But when he witnessed
the power which was bestowed upon the priesthood, the emigrants, and
the courtiers, he foresaw that the very same causes which had produced
the first revolution, would soon occasion a second. From that period
he watched the continent; nor did he lose sight, even for a moment, of
the congress, or of France, or of the Bourbons. He could tell the
talents[28], the principles, the vices, and the virtues of all those
who had acquired the confidence of Louis XVIII, either by intrusion or
by favour. He could measure the degrees of influence which each was
capable of acquiring and exercising, and he calculated beforehand on
the errors which they would inevitably induce his docile successor to
commit.
[Footnote 28: It is well known that there was not a
single individual of note in the service, either of
his allies or of his enemies, whose strong and weak
points were not perfectly understood by Napoleon.]
Napoleon now employed himself again in reading the public journals of
France and of foreign countries; he read assiduously all periodical
works of a political tendency; he studied these productions; he
investigated them with acuteness, and he could well divine the meaning
of a writer who was compelled to be silent, and conjecture the nature
of intelligence which an editor was forced to suppress.

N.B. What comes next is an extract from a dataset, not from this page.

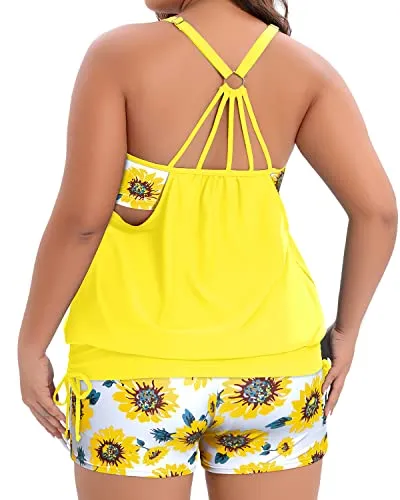 Blouson Tankini Top & Boy Shorts Two Piece Plus Size Women Swimsuit-Yellow And Sunflower
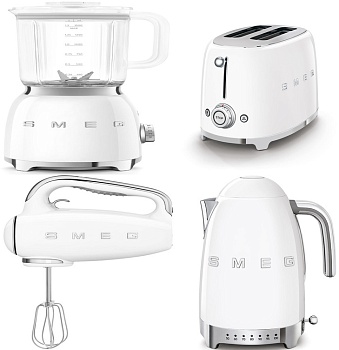 Фото товара: Smeg KLF04WHEU + TSF01WHEU + EGF03WHEU + BLF03WHEU + HBF03WHEU + HMF01WHEU + CJF11WHEU + KBSF02WH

Strangers of distinction, and particularly the English, were received
by Napoleon with affability and kindness, and he used to talk freely
with his visitors on public affairs. He knew how to draw them out, and
to lead them to expatiate on points which he wished to penetrate; and
he seldom failed to obtain much useful information from those
interviews. By these simple methods Napoleon obtained a correct idea
of the events which were taking place on the continent; he was too
well acquainted with revolutions not to be sensible that the sway of
events would open the gates of France, and admit him; and he was too
wary to enter into a private correspondence with his partisans, when
any accident might have revealed his secret wishes, and have afforded
a pretext to his enemies for attacking his independence and his
liberty.
Napoleon thus waited in silence till the fated time of his
re-appearance in France should arrive, when a French Officer[29],
disguised as a sailor, disembarked at Porto Ferrajo.